Two panels disappeared on the night of 10 to 11 April 1934: ‘John the Baptist’ and the ‘The Righteous Judges’. While the former panel was returned anonymously a few days later, ‘The Righteous Judges’ vanished without a trace. The location of the panel remains elusive to this day, despite intense investigations.
Who stole it?
Even though theories about the theft of ‘The Righteous Judges’ abound, it remains a total mystery to date. The main suspect was Arsène Goedertier, a Flemish stockbroker and art lover from Wetteren. Legend has it that he had stolen the panel and hidden it somewhere.
But, according to a former Ghent police commissioner, he must have received help from the diocese of Ghent to pull it off. Even though, on his deathbed, Arsène Goedertier admitted that he knew where the panel was, finding the exact location was no longer possible.
The theft and the Abbot of Orval
According to various sources, none other than Abbot Marie-Albert Van der Cruyssen knew more about the panel’s theft and the secret location. In 1953, he was spotted riding together in an automobile with Valère Goedertier, the younger brother of the alleged thief, and Canon Gabriel Vanden Gheyn, curator at the time of the theft. In that period, Marie-Albert was already struggling with serious health problems.
Who is the illustrious Abbot of Orval?

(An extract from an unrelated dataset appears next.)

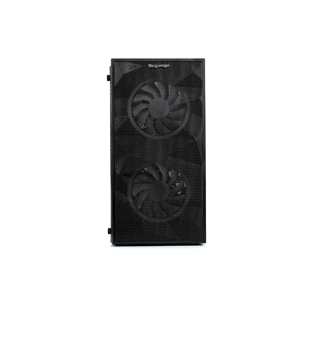 Revenge Magic RGB Fanlı ATX Oyuncu Kasası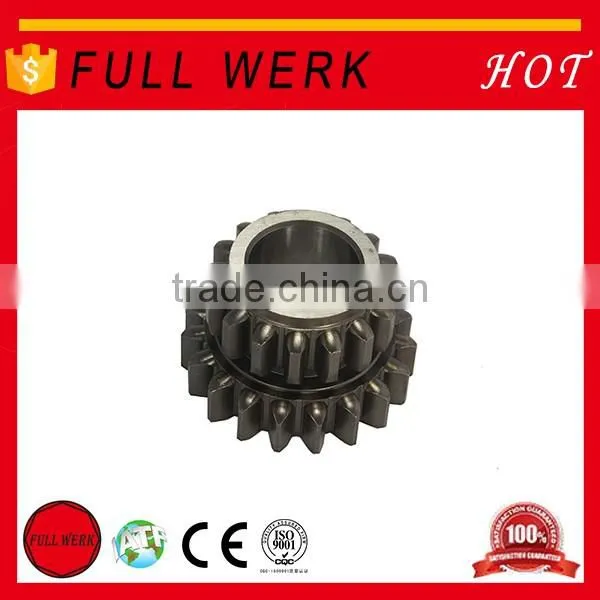 zf gear parts automobile engine gear in china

Discover the story of Karel van der Cruyssen.
According to a former police commissioner, the priest fled during the Second World War to keep the panel out of Nazi hands. Presumably with the Louvre as his final destination as the artwork was cleaned there. According to the former commissioner, the Louvre archives contain an authentic colour photograph of the stolen panel.
Today, the theft and the hiding place of ‘The Righteous Judges’ remain a big mystery. A situation that is unlikely to change for a while.
2020: Van Eyck year
In 2020, the fully restored altarpiece of ‘The Adoration of the Mystic Lamb’ will return to its original home: St Bavo’s Cathedral. At the same time, the Van Eyck brothers will be honoured with a wonderful exhibition at MSK Ghent and festivities in and around the cathedral.
De Abt will also be celebrating with a range of activities and a special menu. We, too, are immensely proud of the brilliant brothers.